YOUR OBJECTIVE> Please reproduce exactly the line that carries "Bước 1: Nhấn chuột phải > Chọn Main Menu." and all remaining lines through the last line of the data, and write nothing else.

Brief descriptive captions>
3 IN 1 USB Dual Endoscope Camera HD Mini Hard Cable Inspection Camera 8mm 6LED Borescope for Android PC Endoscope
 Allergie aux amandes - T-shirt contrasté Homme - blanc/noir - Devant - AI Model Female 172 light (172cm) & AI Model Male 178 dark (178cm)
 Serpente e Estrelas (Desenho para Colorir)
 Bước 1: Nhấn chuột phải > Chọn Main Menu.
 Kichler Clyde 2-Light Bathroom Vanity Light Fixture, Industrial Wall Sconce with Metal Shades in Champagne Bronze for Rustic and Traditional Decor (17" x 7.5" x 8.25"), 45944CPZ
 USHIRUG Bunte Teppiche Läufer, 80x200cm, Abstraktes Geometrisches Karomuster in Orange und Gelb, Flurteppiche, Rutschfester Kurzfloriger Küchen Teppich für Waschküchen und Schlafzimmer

ANSWER FOR THIS EXERCISE>
 Bước 1: Nhấn chuột phải > Chọn Main Menu.
 Kichler Clyde 2-Light Bathroom Vanity Light Fixture, Industrial Wall Sconce with Metal Shades in Champagne Bronze for Rustic and Traditional Decor (17" x 7.5" x 8.25"), 45944CPZ
 USHIRUG Bunte Teppiche Läufer, 80x200cm, Abstraktes Geometrisches Karomuster in Orange und Gelb, Flurteppiche, Rutschfester Kurzfloriger Küchen Teppich für Waschküchen und Schlafzimmer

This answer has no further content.